Kkamini sings and dances at Shiven’s stag night, and ends up in all the gossip papers as the latest event in the life of an Item Queen. But Kkamini dreams of being much more than an Item Queen, of becoming a famous actress, perhaps even a Tragedy Queen, and inspired she sets about making her dreams come true. Shiven is supposed to be marrying Gia, but he is such a play boy that the idea of not being able to play the field fills him with terror. To this end he starts to try and find ways of sabotaging the wedding, but as he comes ever closer to success he starts to have his doubts. It is too late for that though, as Gia’s father makes moves to set her up with a Canadian Indian instead. Gia’s sister makes plans to travel from London to Mumbai for the wedding, while her husband Vinay arranges Kkamini’s visit to London. But Vinay is bored, and when he bumps into a Anjali, young Indian bollywood dancer on a London train, it doesn’t take much to lead him astray. Then there is Raju, a lowly taxi driver, who sits at Mumbai airport and dreams of the day a blonde white woman will arrive and fall in love with him. Cue the arrival of Stephanie from Canada, keen to prevent her boyfriend from betraying their love and accepting a marriage arranged by his parents. Then there are the less connected stories of Ashutosh and Tehzeeb, a muslim and hindu, who find their marriage thrown into turmoil when Tehzeeb is in a train crash, and finally Isha and Sohail newly weds who would consummate their marriage if it weren’t for constant disaster.

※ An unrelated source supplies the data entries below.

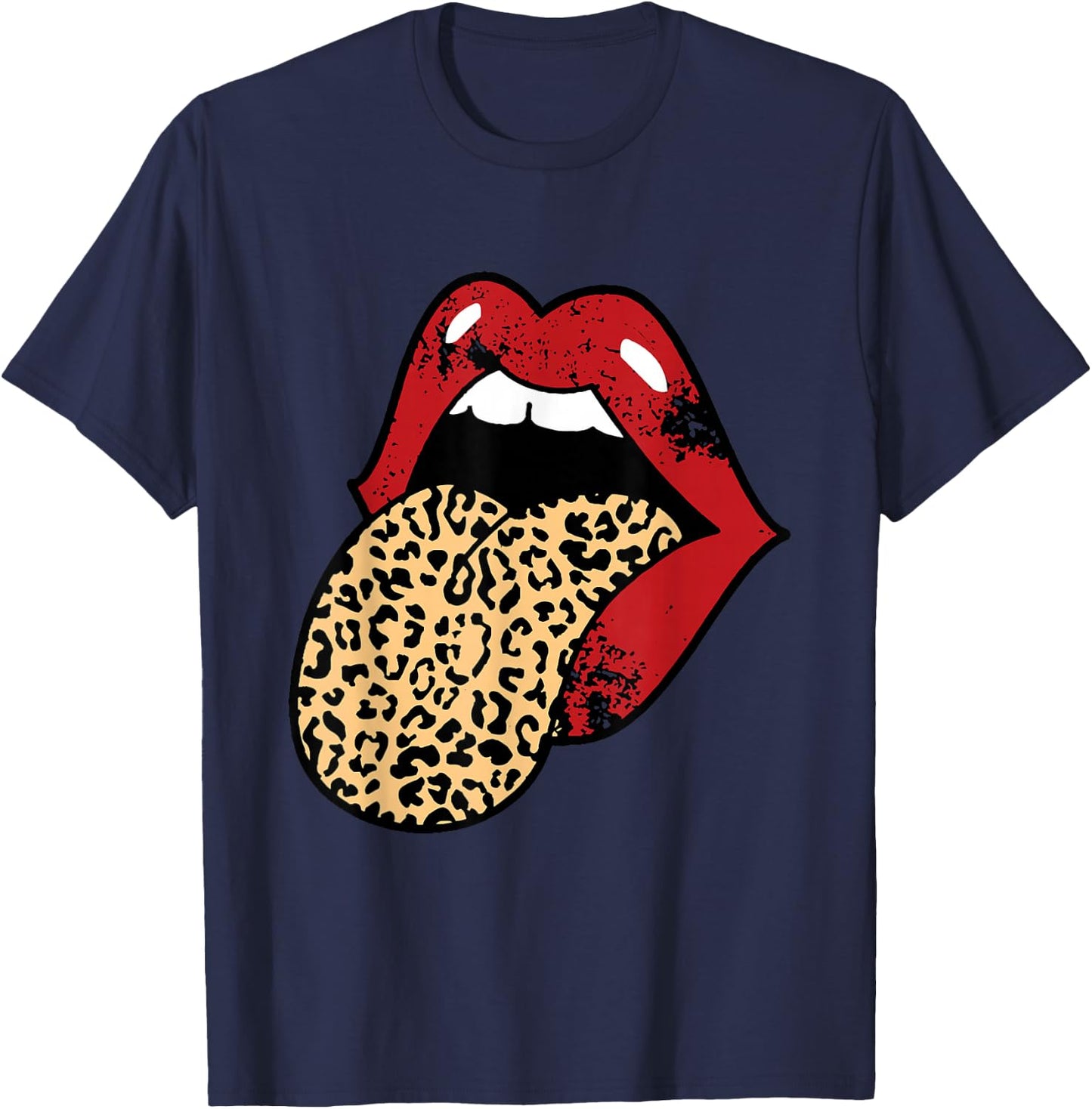 Mouth Teeth Lips With Leopard Tongue T-Shirt - T-Shirt | Navy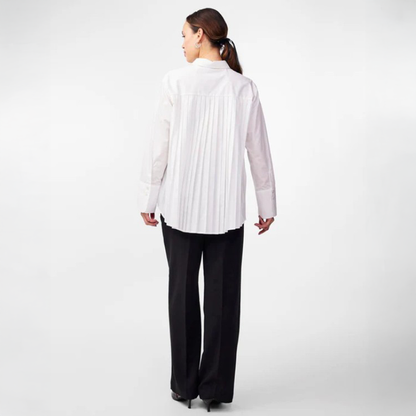 Y.A.S Yasroya Ls Shirt S. - Star White - Skjorte med plisse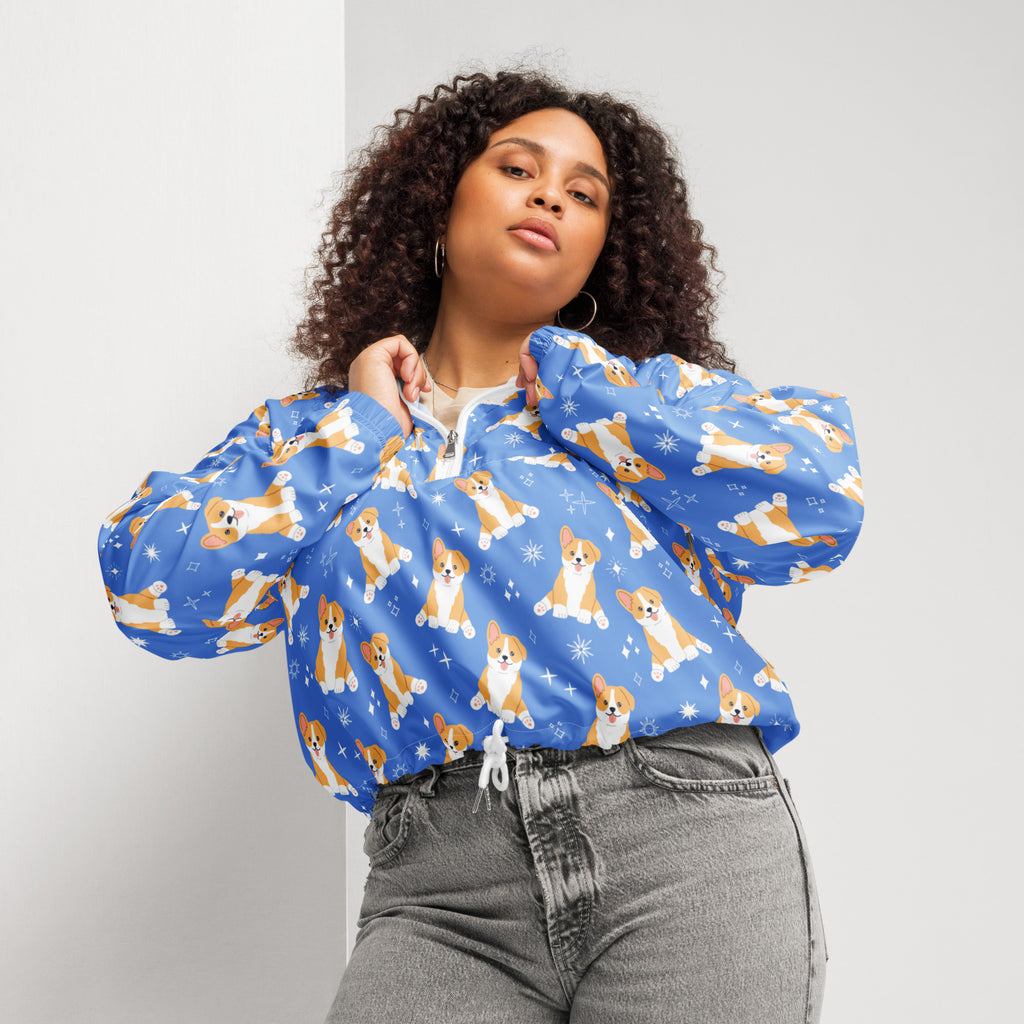 Women’s blue corgi dog cropped windbreaker with playful orange and white corgi pattern snowflakes puffy sleeves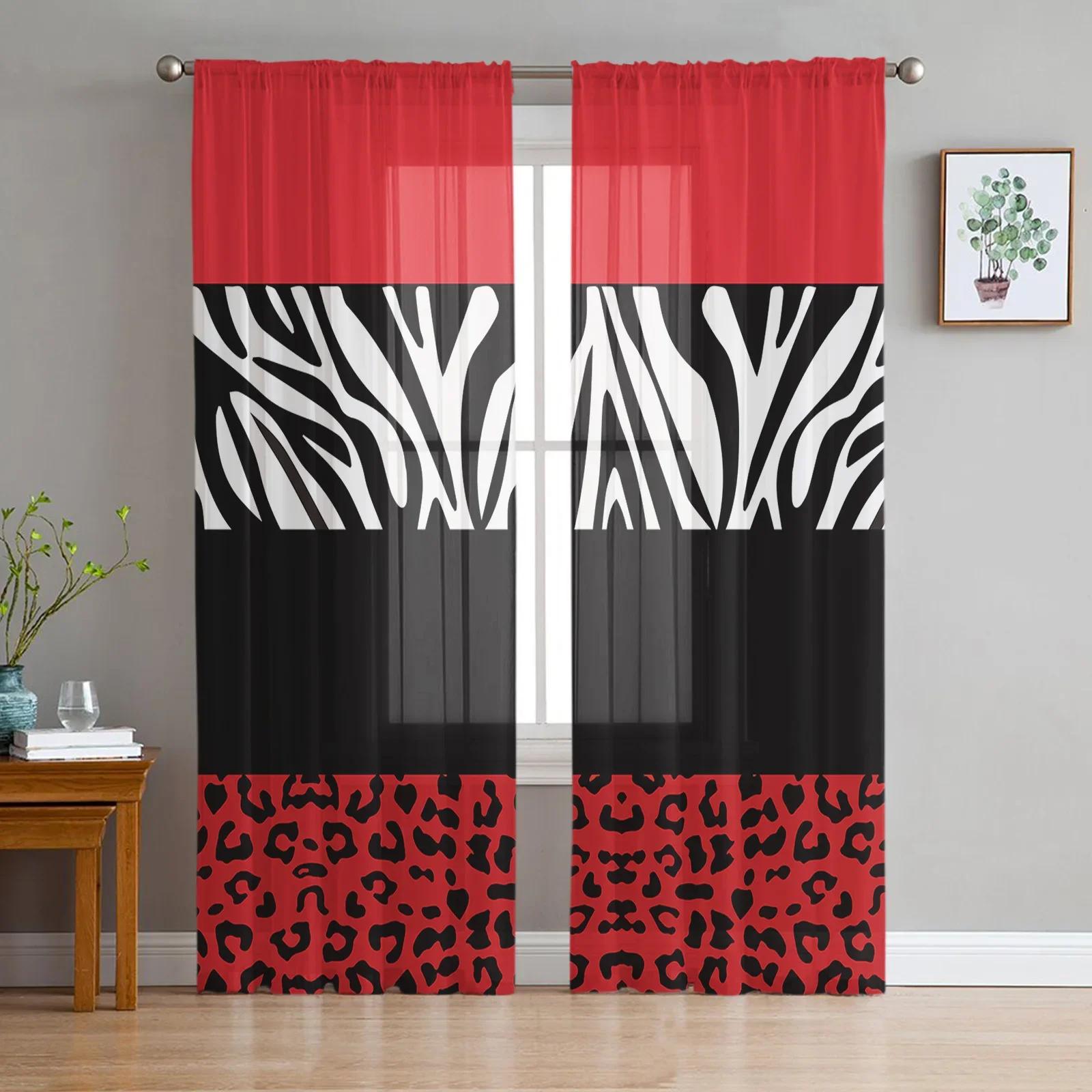 

Zebra Print Design Leopard Crimson Red Black Soft Tulle Window Panel Drapes Living Room Silk-like Fabric Transparent Light Voile Curtain Bedroom W135 x H115cm x1&Rod Pocket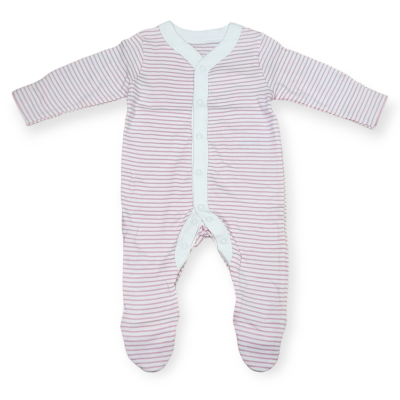 kojenecký overal M&S, růžové proužky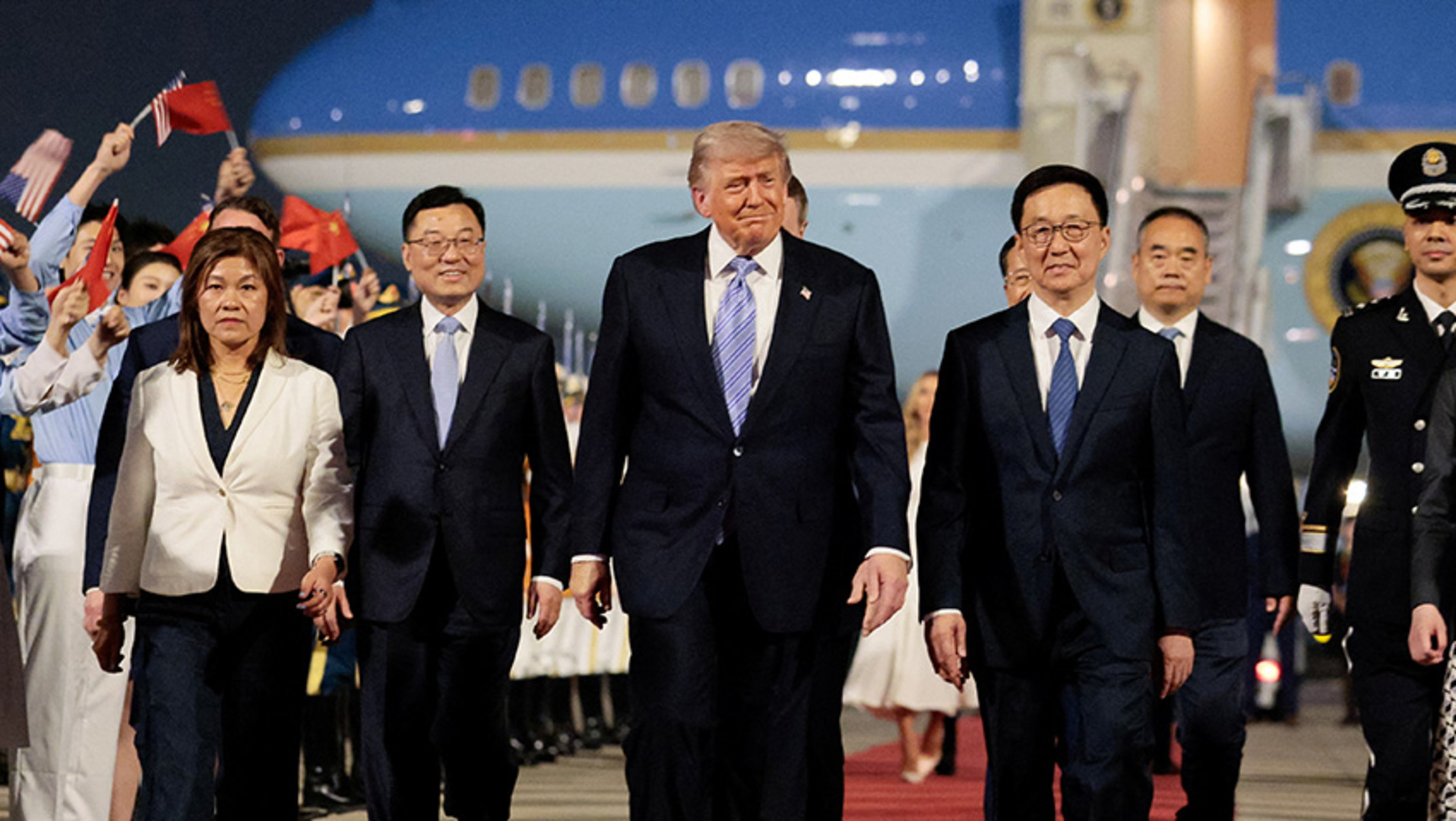 Video thumbnail for Trump arrives in China for two-day summit with Xi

Salaam E Ishq has been getting compared to Love Actually, and given the multi stranded love story and ensemble cast, then it isn’t entirely surprising. Then of course, Love Actually didn’t have the colour, the energy and the dance routines. But those differences are the staple of Bollywood cinema, and don’t necessarily make this a great film. The film is highly polished and slick feeling, and overloaded with all that. There were pieces that did work, and could have been extracted in their own right - the relation between Ashutosh and Tehzeeb, while being one of the more tenuously connected to everything else, is actually one of the most touching and watchable. After than the manipulations of Kkamini, desperate to improve her career, only to have tables turned by her “high school lover”, has a certain something. Lastly the thread with the humble dreaming taxi drive Raju, and the jilted Stephanie, has a certain magic to it.
Bollywood is still one of those things I don’t know enough about. So from my point of ignorance, I did quite enjoy the film. Though I was conscious of the flaws which have meant that it has had a mixed reaction. It is far too long, and there is far too much going on.